Но на самом деле, думаю, ситуация гораздо сложнее, потому что, во-первых, везде есть очень серьезная инерция государственного аппарата. Государственный аппарат в отношении России, как правило, настроен куда критичнее, чем те или иные политики, которые могут рассчитывать на сближение с Россией. И эти политики живут не в вакууме. И если когда Трамп пришел к власти, в России было ликование, то сейчас, когда смотрят, кто приходит в команду Трампа, ликование очень серьезно уменьшается. Трамп собирает в свою команду самые разные фигуры, в том числе и очень критично относящиеся к политике России и совершенно не собирающиеся замыкаться в пределах Америки.

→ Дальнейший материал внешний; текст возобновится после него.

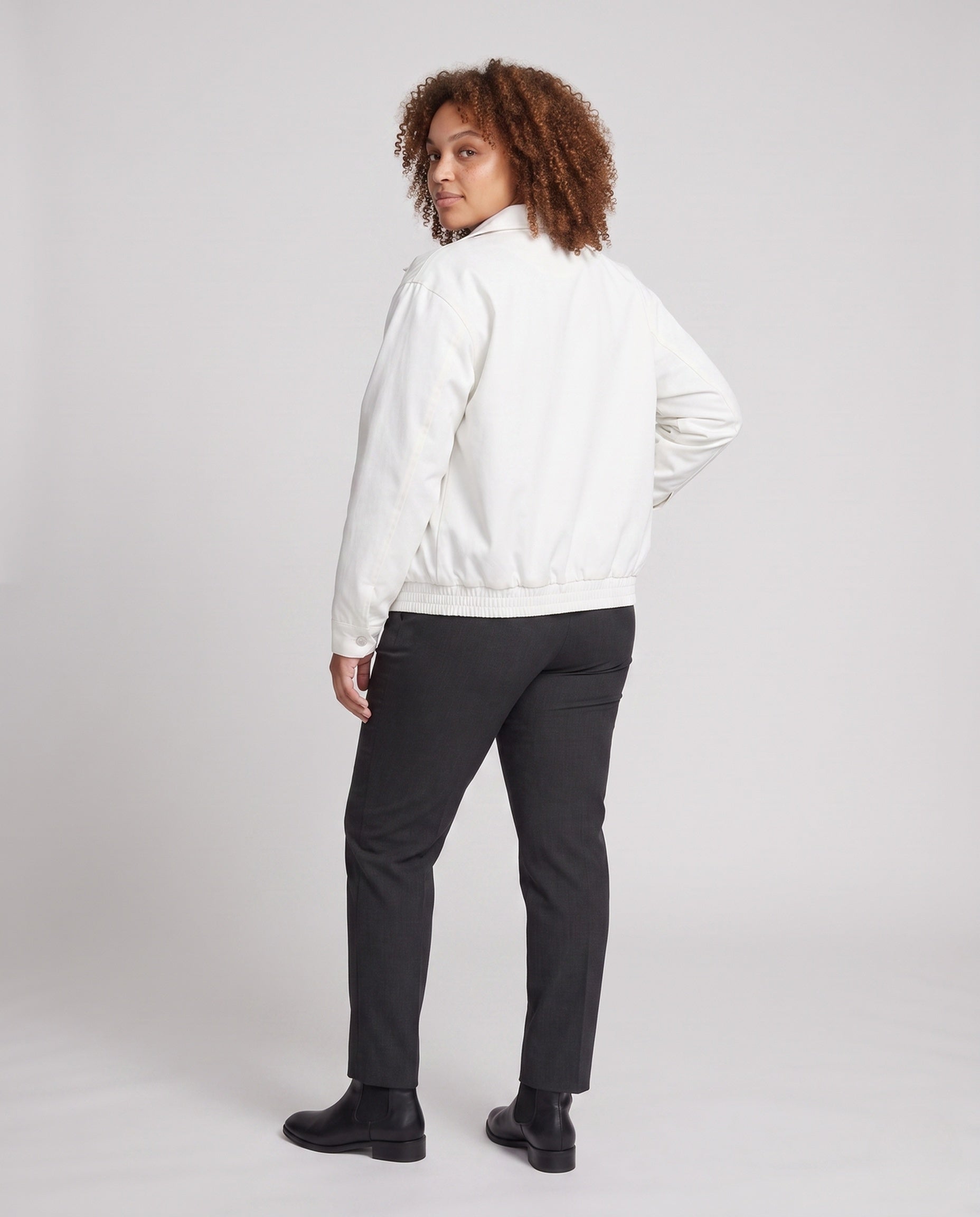 Product 15966072144202 - back_view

Сейчас много говорят и о кризисе Европейского союза, о том, что он вот-вот развалится, что после Brexit будут новые выходы – Italexit, например. Но я бы здесь был осторожен в оценках. Brexit произошел в значительной степени потому, что британцев была и остается своя валюта – фунт. А выйти из зоны евро – куда сложнее и опаснее. Вспомним ситуацию с Грецией, когда греки на эмоциях говорили: мы вернемся в драхме и заживем! Но, немножко посчитав, они пришли к заключению, что вернуться к драхме возможно, но тогда экономика рухнет. И они остались в зоне евро. Сейчас о Греции в России, кстати, говорят очень мало – потому что греческое правительство проводит проевропейскую политику.
Думаю, и с другими странами все будет очень непросто – везде есть своя специфика. Например, специфика итальянского референдума, только что прошедшего, состоит в том, что образовалась очень широкая коалиция против предоставления дополнительных полномочий центральной власти – коалиция, которая выходила за рамки евроскептиков. И сами партии евроскептиков очень разные и конкурируют друг с другом. Там есть люди, очень серьезно идеологически заряженные и выступающие за то, чтобы быстрее сворачивать отношения с Евросоюзом и сближаться с Россией, и есть те, для кого, судя по всему, евроскептицизм – это возможность получить дополнительные очки на выборах, дополнительные голоса. И они из Европы уходить никуда не собираются.
Таким образом, ситуация достаточно сложная. Но очередные разговоры о том, что налицо «закат Запада», на мой взгляд, преждевременны. Дело в том, что западная демократия периодически сталкивается с очень серьезными вызовами, которые, если брать послевоенную историю, иногда носили куда более драматичный характер, чем сейчас. Например, вспомним, как в 1970-е годы трясло Италию: левый терроризм, правый терроризм, заговоры… Казалось, что итальянская демократия держится на волоске. Можно вспомнить о том, с какими вызовами столкнулась Европа в начале 1980-ых, когда в целом ряде стран пришли к власти левые силы. Причем это произошло на фоне усиления «холодной войны», и стоял вопрос, как эти левые будут себя вести, останутся ли они союзниками Америки или нет. Во французском правительстве тогда были даже коммунисты, что было весьма необычно. А в Испании пришли к власти левоцентристы, социалисты, которые исторически были связаны с Испанской республикой 1930-х годов, были наследниками республиканской традиции. При этом неплохо ужились с королем.
То есть таких вызовов в истории было много. И я считаю, что этот вызов Запад переживет. Но это будет уже модифицированный Запад – по сравнению с безудержным оптимизмом предыдущих двух десятилетий, когда считали, что история движется только линейно и в направлении дальнейшего прогресса, движется поступательно. Выяснилось, что нет – в очередной раз выяснилось. Что история значительно сложнее и что неуклонный поступательный тренд может столкнуться с реакцией, которая заставит этот тренд скорректировать. Не отменить, но достаточно серьезно скорректировать. Это, наверное, и есть самое главное из того, что было в 2016 году и что, как мы видим, затронуло и Россию.